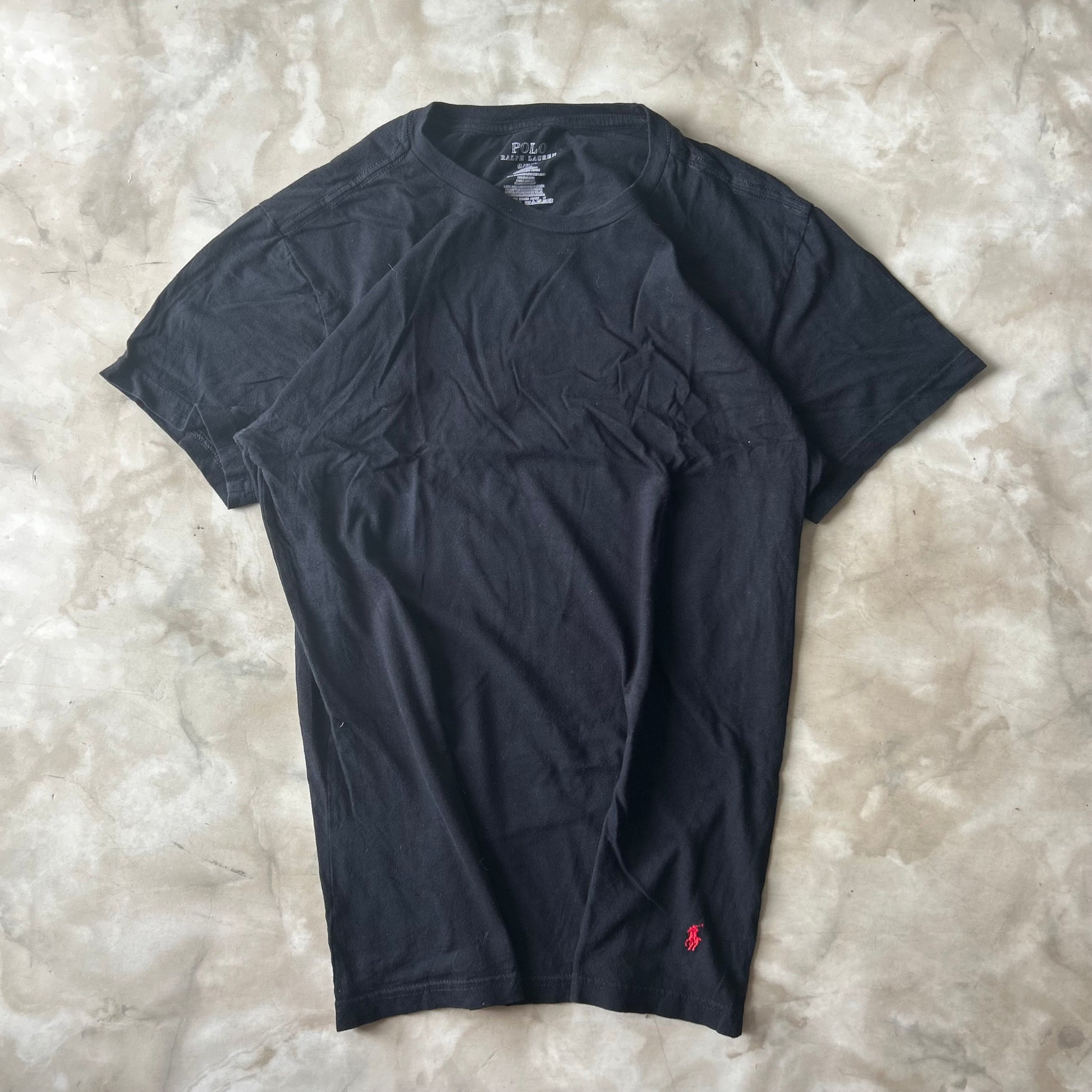 Vintage Bram's Vintage Ralph Lauren T-Shirt Black Red Pony Bottom in Black — sustainable streetwear from Bram's Vintage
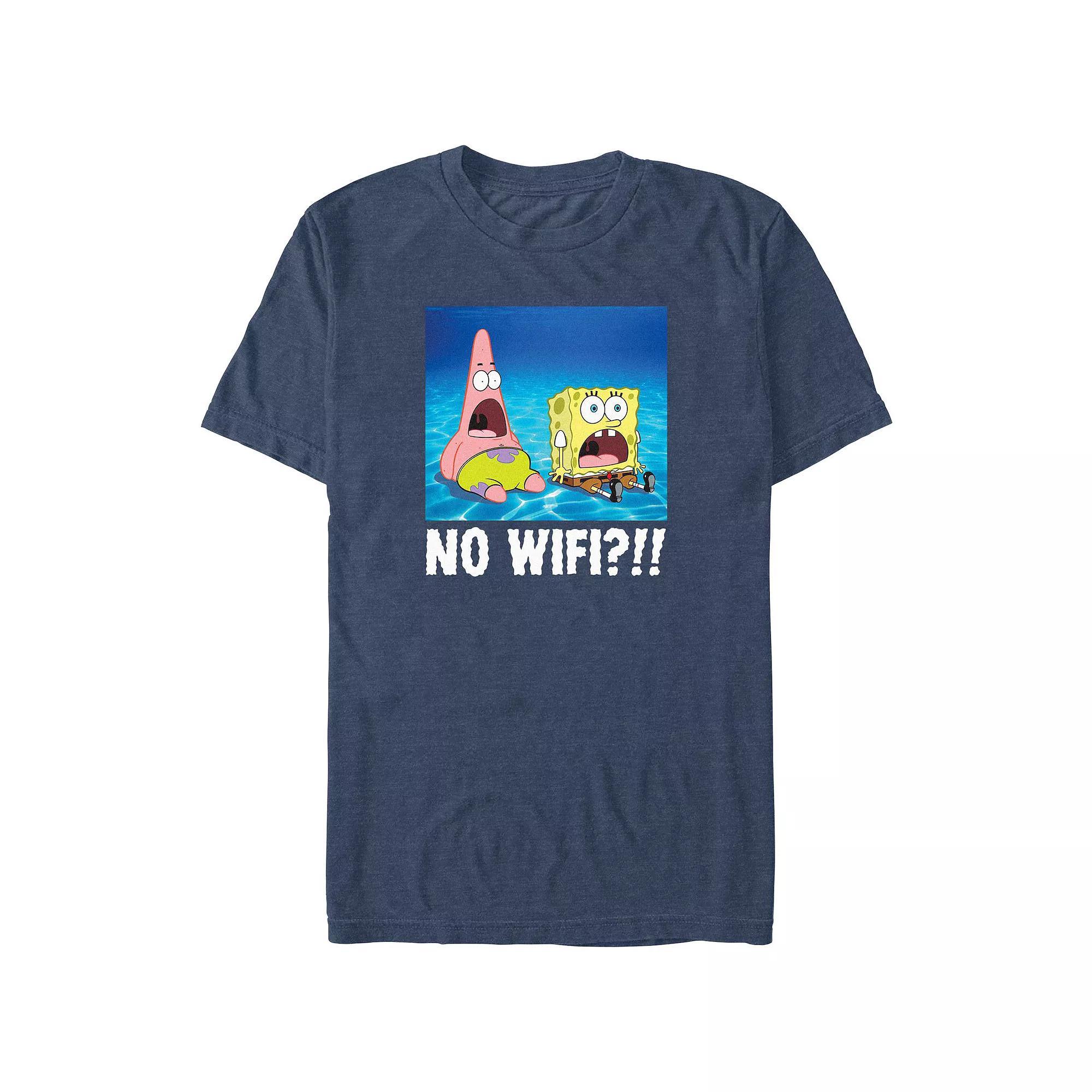 Big & Tall SpongeBob SquarePants No Wi-Fi Graphic Tee, Men's, Size: Large Tall, Navy Grey Product Image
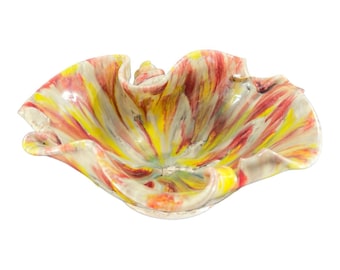 Mid Century Italian Pottery Splatter Glaze Bowl Dish Large Snail Shell Design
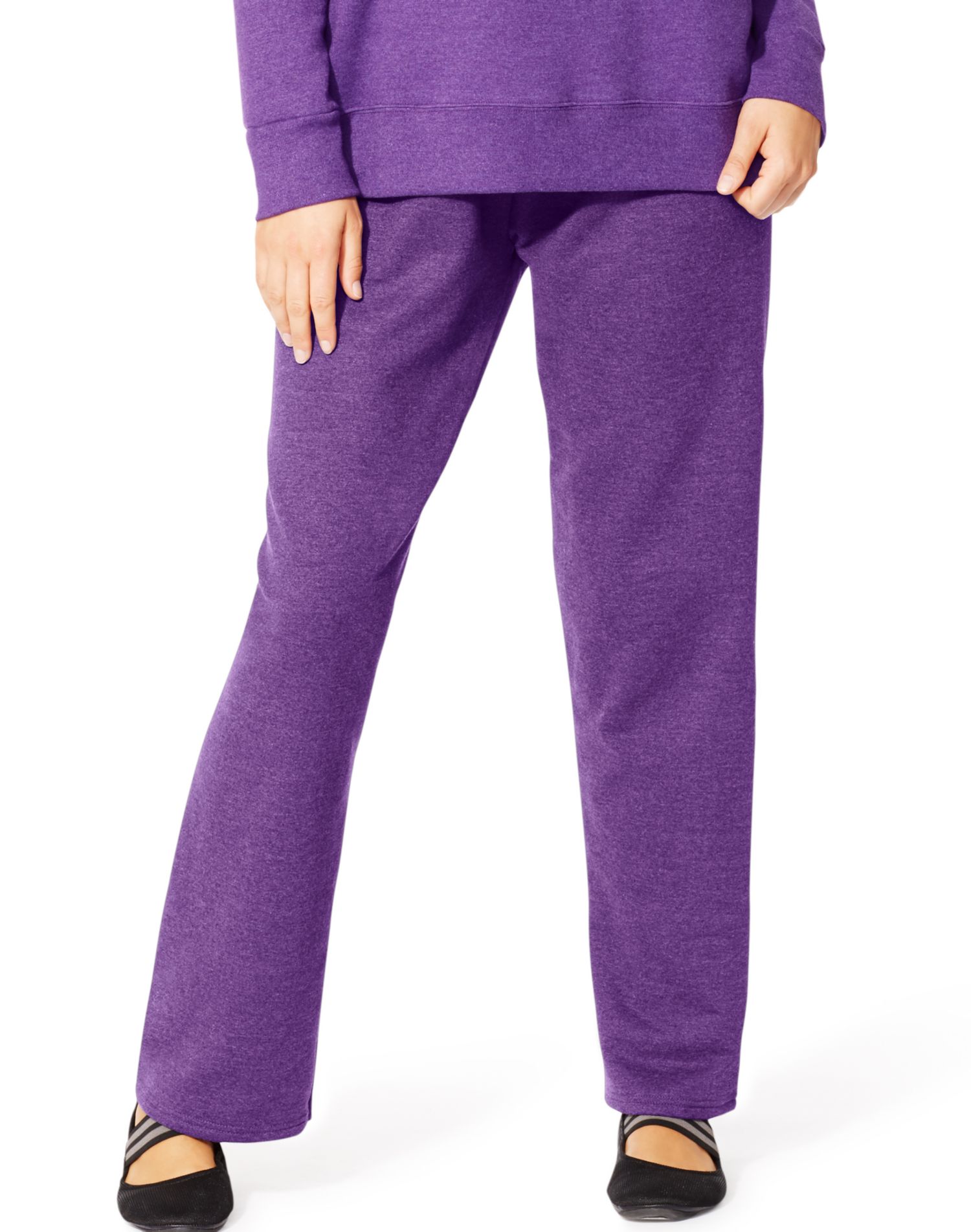 Just My Size Women`s ComfortSoft EcoSmart Fleece Open-Hem Sweatpants, Avg Length - Picture 6 of 7
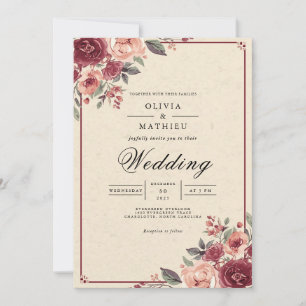 Muted Rose Botanical Flourish Wedding Invitation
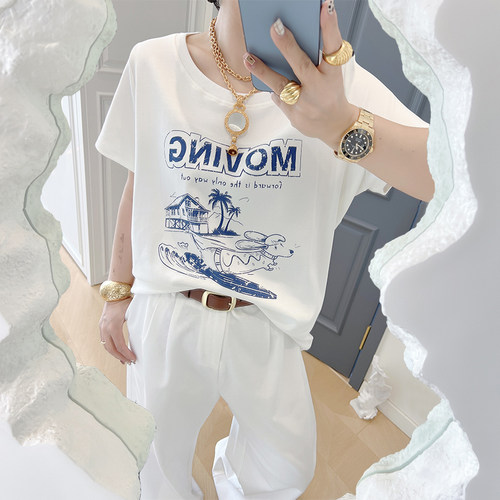 大码女装胖mm圆领短袖t恤衫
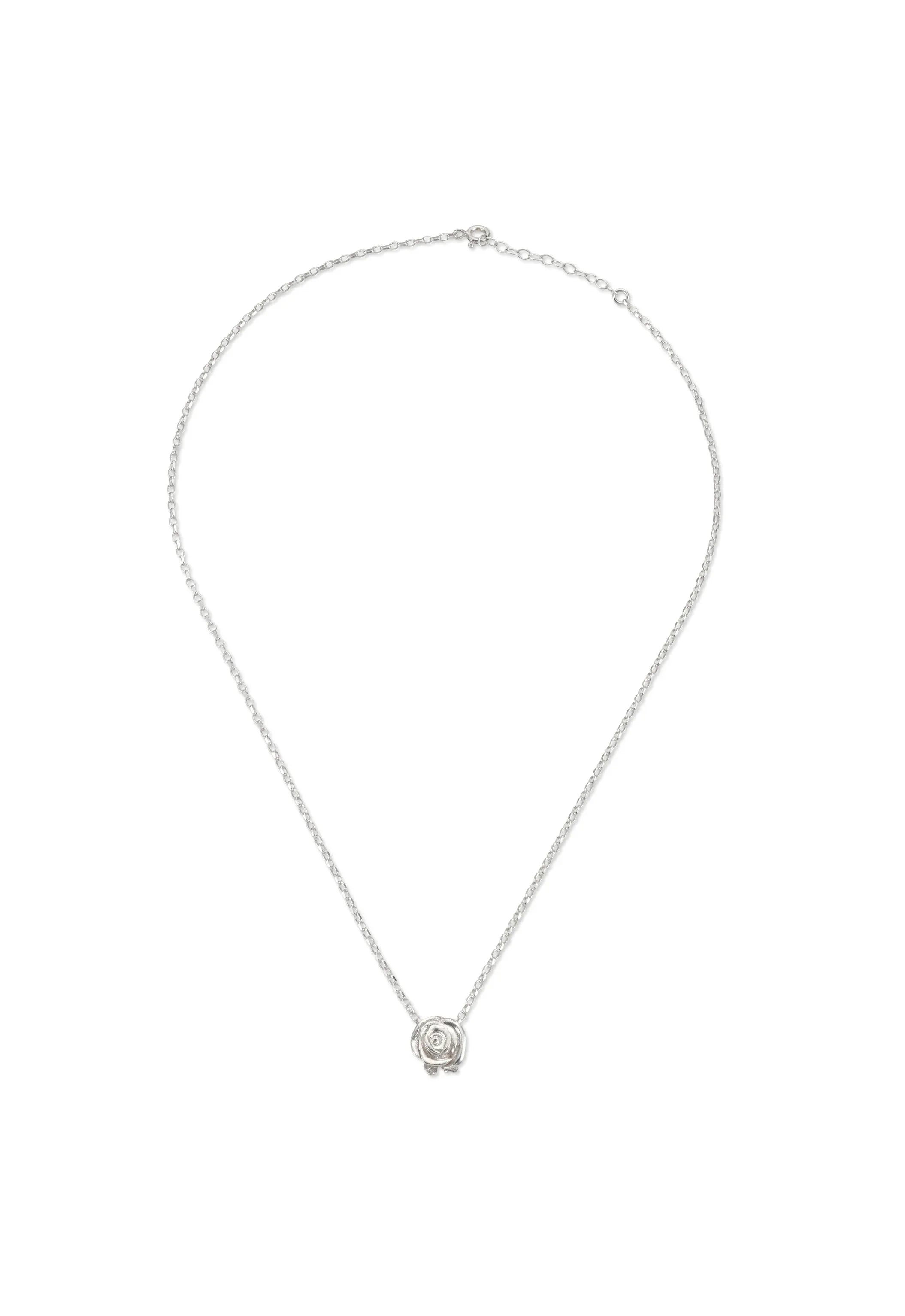 Silver Rose Short Necklace Elegant Jewelry Gift Maya Geller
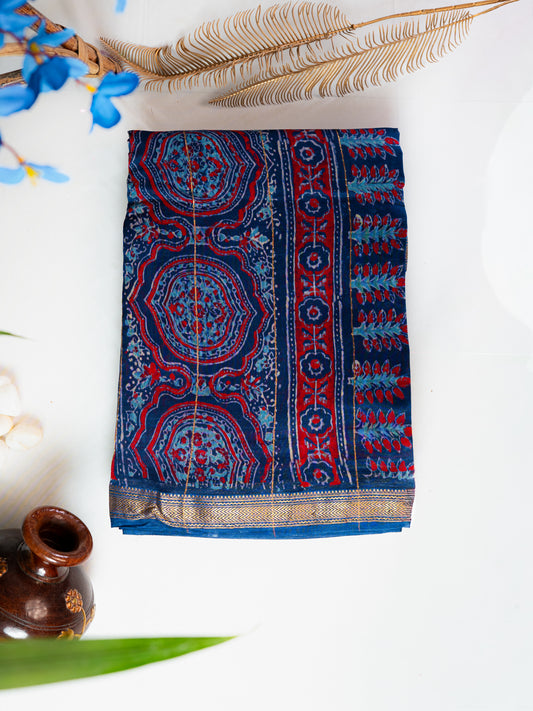 Block Printed maheswari silk Saree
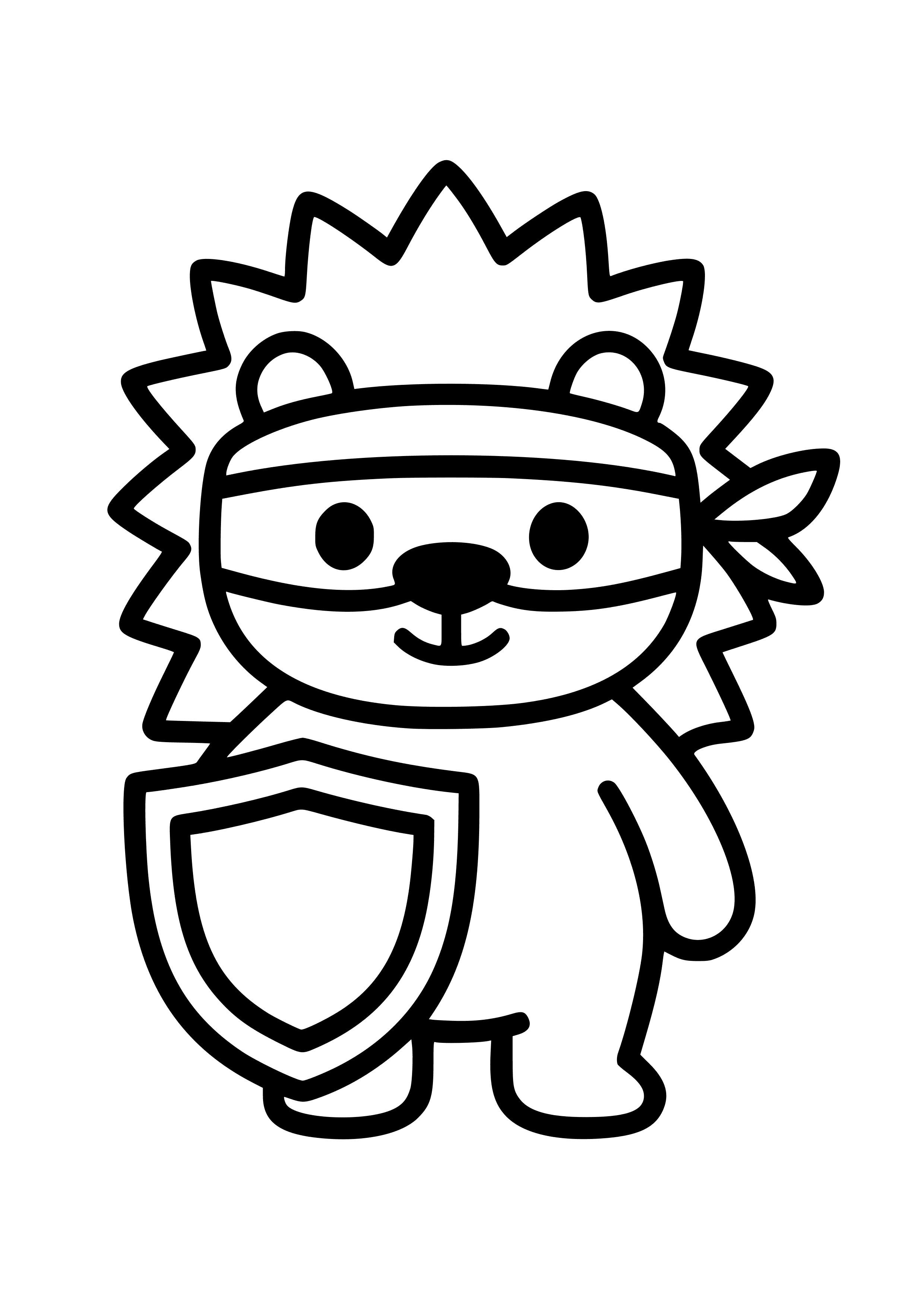 Ninja Hedgehog with a Shield Coloring Page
====================
## PROBLEM STATEMENT:
Only one stretch of the data is wanted: write out exactly the lines from the one holding "Mid Century Italian" through the one holding "Silver Rose Short", both included, without the pictures.

## EXPECTED ANSWER:
 Mid Century Italian Pottery Splatter Glaze Bowl Dish Large Snail Shell Design
 Just My Size Women`s ComfortSoft EcoSmart Fleece Open-Hem Sweatpants, Avg Length - Picture 6 of 7
 Muted Rose Botanical Flourish Wedding Invitation
 大码女装胖mm圆领短袖t恤衫
 Silver Rose Short Necklace Elegant Jewelry Gift Maya Geller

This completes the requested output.